A HISTORY OF SEARLES SCHOOL & CHAPEL

Constructed between 1907-1909, Searles School and Chapel was donated to the town of Windham by the philanthropist and Methuen native Edward Francis Searles (1841-1920).h

Edward Searles

Searles was assembling what was to be a 1200 acre estate that surrounded the existing school house #1 of six in those days.

He proposed to the town that he would donate a new structure in exchange for the old.  The offer was accepted in November 1906 and the building (According to Searles , it cost over $40,000.00.) was completed in early 1909.

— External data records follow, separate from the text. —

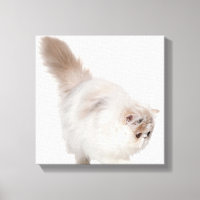 Chaton persan (3 mois)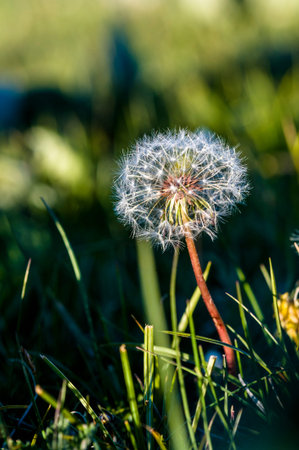 The dandelion under the sunshine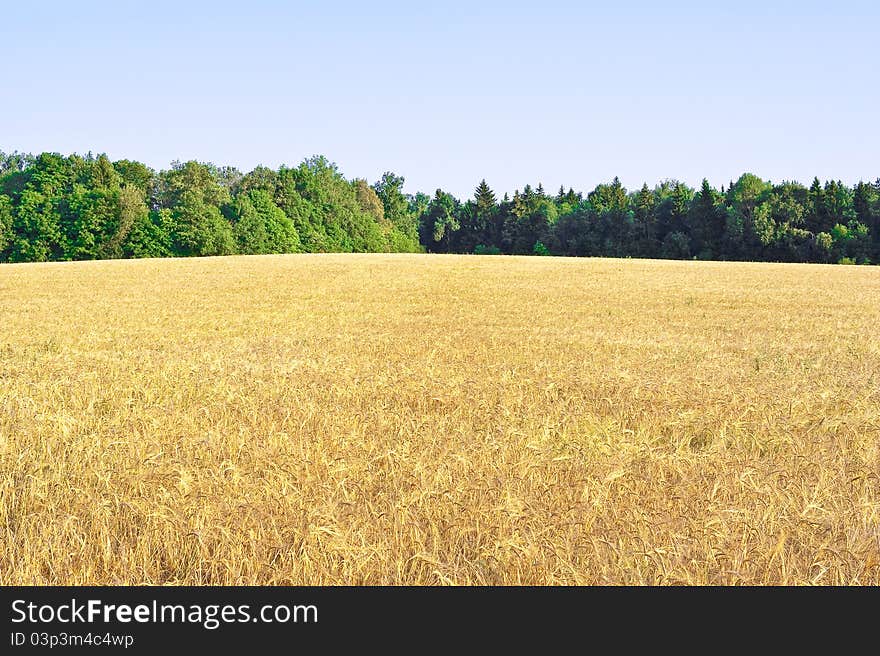 Field of ripe wheat on a hill. Field of ripe wheat on a hill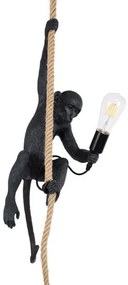Κρεμαστό Φωτιστικό Οροφής Σχοινί E27 APES Globostar-1801-Μαύρο 01801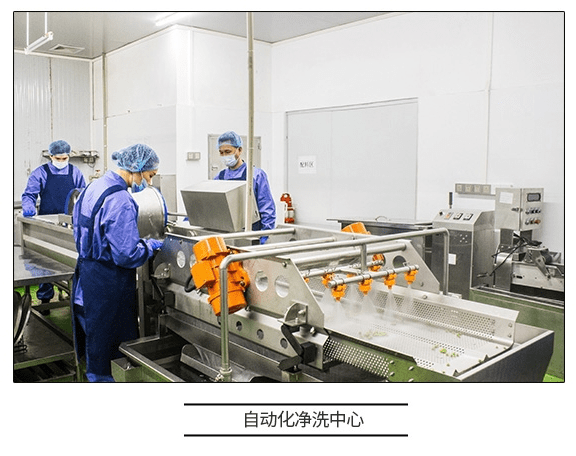 直擊工廠溯源 咚吃如何以科技賦能，保障食品安全新高度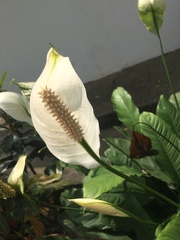 Spathiphyllum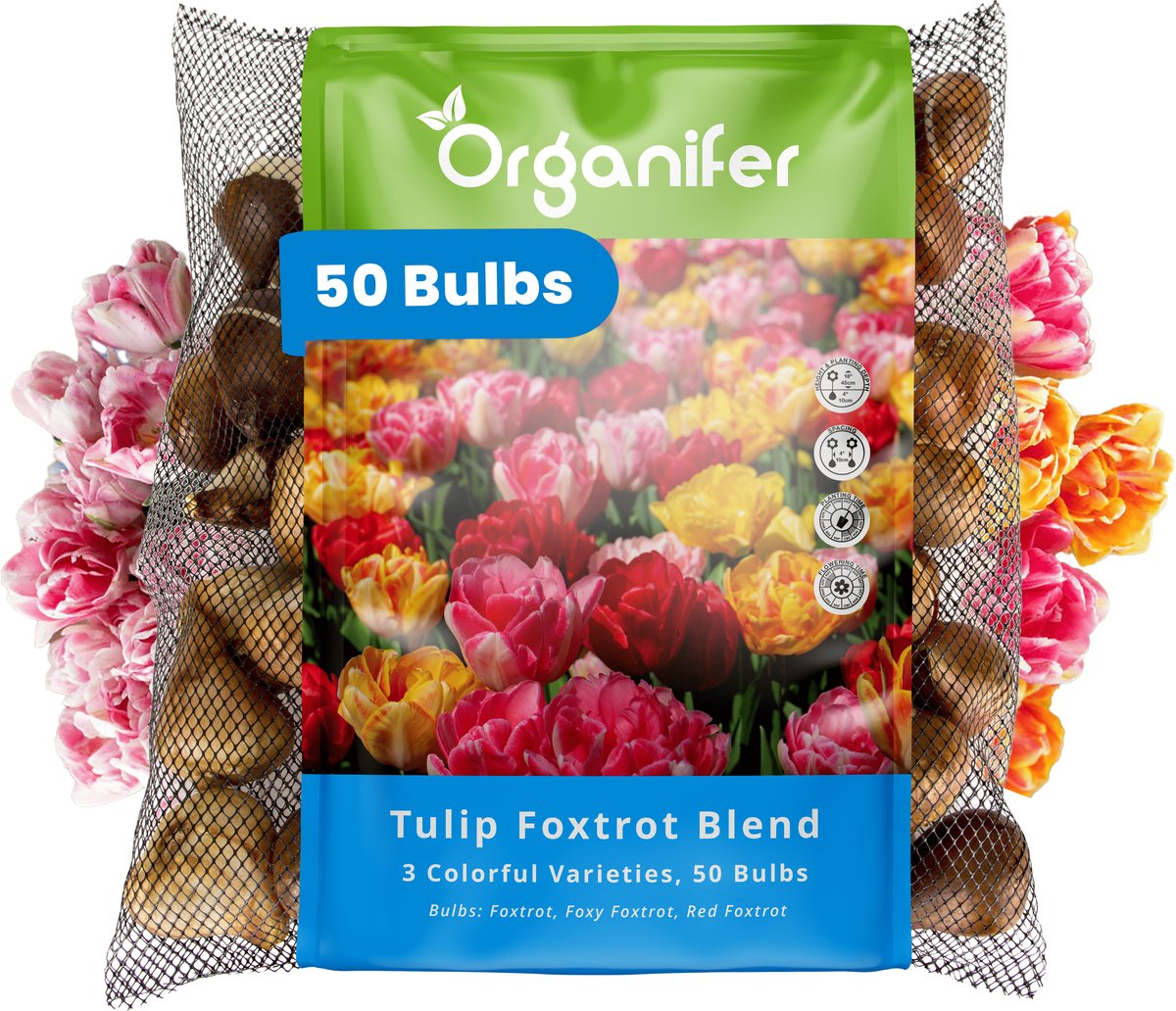50 Foxtrot Tulpen Mix - 3 Kleurrijke Soorten - XXL Bollengrootte 12 cm+ - Bloembollen - Tulipa 'Foxtrot' - Dubbelkleurige tulpen - Zomerbollen - Voorjaarsbollen - Trekt vlinders en bijen aan - Vaste planten - Organifer
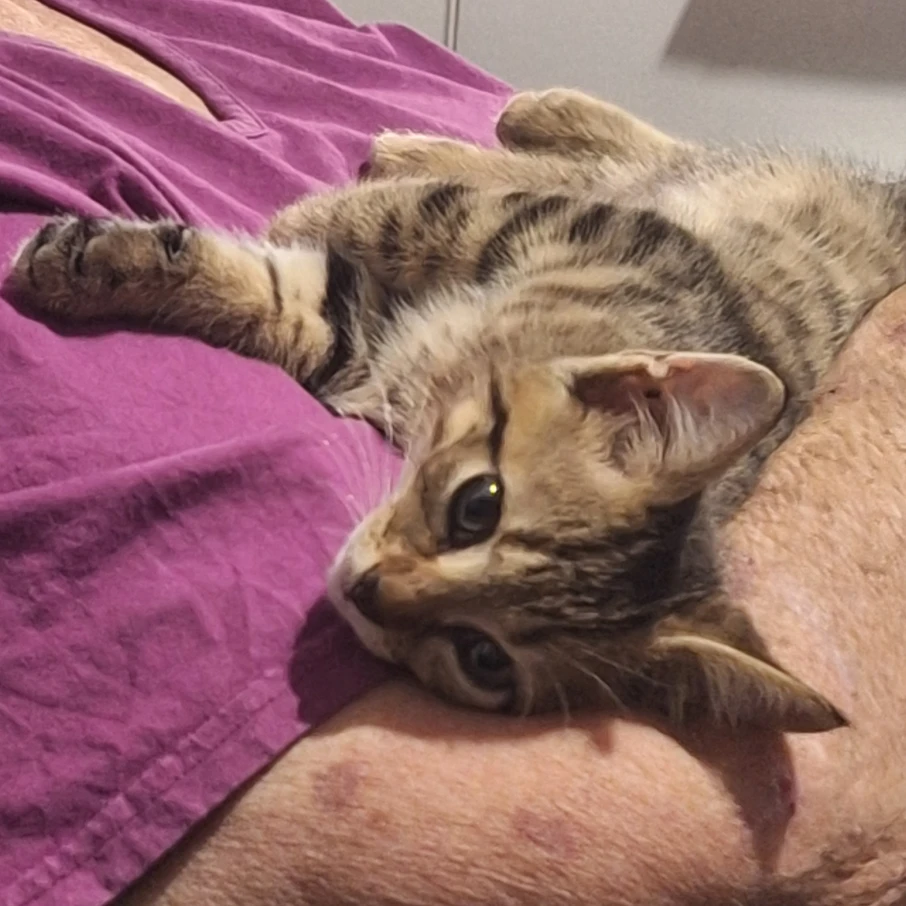 Mika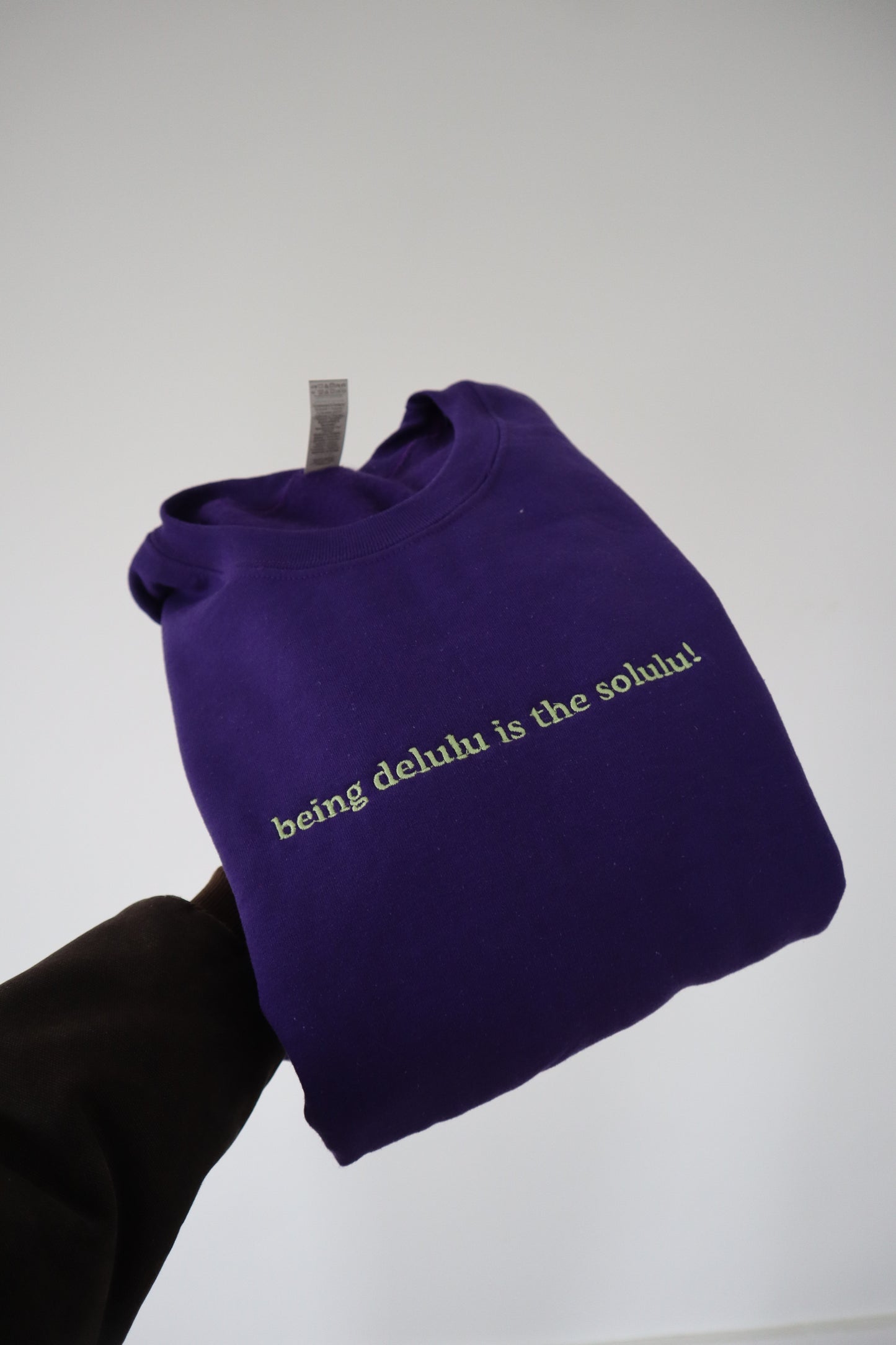 Embroidered 'being delulu is the solulu!' Hoodie or Crew Neck, Long Sleeve, Classic fit, Unisex, Adult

Searles Chapel, Date Unknown

Designed in the Gothic Revival style by the preeminent English expatriate architect Henry Vaughan, it served as a schoolhouse until the early 1970’s.  When it no longer served its intended purpose it was threatened with demolition.  It averted that fate when its restoration was named by the Windham Bicentennial Commission as it’s primary project. After the bicentennial, the Windham Historic Commission was created to continue the process.  In 1982 it was added to the National Register of Historic Places.

Henry Vaughan

It serves a great example of re-purposing of a landmark municipal building, while retaining it’s integrity and generating revenue through it’s use as an events venue.

ABOUT HENRY VAUGHAN  

Born in England, Henry Vaughan (1845-1917) immigrated to the United States in 1881.  His first commission in that year was the Chapel for the Episcopal Sisters of Saint Margaret on Louisburg Square in Boston.  The chapel is now part of the home of Teresa Heinz and Secretary of State John Kerry.  Even though he practiced in the United States until his death in 1917, Vaughan’s style remained very English.  He did not adapt to other architectural styles of the time.  “He was, in short an English architect who happened to work in America.”